Already when acquiring shares to the company, a later conflict of interest between founders and investors therefore becomes apparent. It is usually reflected in the rules for the sale of shares: One rule serves the existing shareholders (tag-along), the other the investor and his successors (drag-along).
Every change of shareholders entails risks for the remaining shareholders. This is why shareholder agreements normally stipulate restrictions: shareholders may only sell their shares with the consent (of a majority) of the remaining shareholders. However, such a restriction typically does not apply to investors. They want to freely dispose of their shares at the right time.
By using the tag-along right, the existing shareholders may sell their shares as well (at the same economic conditions). This makes sense, because a new shareholder, who has not been chosen by the existing shareholders, may significantly influence the company’s business. This can lead to unpleasant surprises for the existing shareholders, for example when it comes to appointing managing directors. In addition, with a tag-along right, the existing shareholders will participate in the value gain that has been made possible by the investor.
What happens, however, if the acquirer does not want to take over the additional shares of the existing shareholders? Then either the deal has to be called off or the investor has its way and only its shares are sold. A mediating solution is to allow all shareholders to sell at the same proportionate amount in relation to their existing shares. Another idea is to impose an obligation on the investor to acquire the shares of the existing shareholders.

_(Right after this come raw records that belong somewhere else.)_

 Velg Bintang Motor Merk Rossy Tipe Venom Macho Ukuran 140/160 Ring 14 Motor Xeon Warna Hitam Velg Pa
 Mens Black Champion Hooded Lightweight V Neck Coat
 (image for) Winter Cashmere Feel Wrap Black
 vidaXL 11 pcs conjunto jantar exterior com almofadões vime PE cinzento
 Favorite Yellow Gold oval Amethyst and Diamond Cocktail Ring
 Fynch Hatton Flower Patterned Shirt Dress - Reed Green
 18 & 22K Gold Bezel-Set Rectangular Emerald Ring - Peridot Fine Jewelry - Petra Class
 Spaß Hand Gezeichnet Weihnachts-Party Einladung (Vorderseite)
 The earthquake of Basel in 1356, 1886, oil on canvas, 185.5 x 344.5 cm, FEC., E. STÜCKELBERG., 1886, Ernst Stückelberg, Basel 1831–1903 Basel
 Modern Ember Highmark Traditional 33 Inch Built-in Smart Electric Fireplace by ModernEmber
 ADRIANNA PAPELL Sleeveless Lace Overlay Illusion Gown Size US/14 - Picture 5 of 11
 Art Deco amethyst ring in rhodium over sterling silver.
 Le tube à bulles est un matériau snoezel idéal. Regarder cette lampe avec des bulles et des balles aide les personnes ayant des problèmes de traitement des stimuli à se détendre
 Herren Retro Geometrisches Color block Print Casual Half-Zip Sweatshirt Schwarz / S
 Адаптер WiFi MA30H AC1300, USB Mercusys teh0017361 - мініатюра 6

In contrast, a drag-along clause is rather unpleasant for the existing shareholders. It imposes an obligation to sell. Buyers usually want to acquire certain majorities in the company which allow them to determine the company’s policy. In order to sell to such buyers, the investor will want to oblige the existing shareholders to (partially) sell their shares as well. This is a serious encroachment on the rights of the existing shareholders, who lose their position as shareholders against their will. If drag-along clauses are too aggressive, they may be invalid under applicable law.
But existing shareholders can also protect themselves. They may require that a certain percentage of the existing shareholders need to consent before the co-sale obligation is triggered. They can also shield themselves from low prices for their shares by using company valuation methods as a lower limit. Guarantees and warranties can be limited to the extent customary for the type of transaction. The investor can be made liable for a sale on unfavourable terms. Involving a representative of the existing shareholders in the sales negotiations can ensure transparency and participation.
From the point of view of existing shareholders who accept an “external” investor, a tag-along provision makes sense. The negative effects for investors of such a right of sale can be limited, which however weakens the rights of the existing shareholders.
The drag-along provision is important for investors. It is often a condition for the investment. Since an obligation to sell interferes with shareholders’ rights, existing shareholders should make sure that it is kept within certain bounds.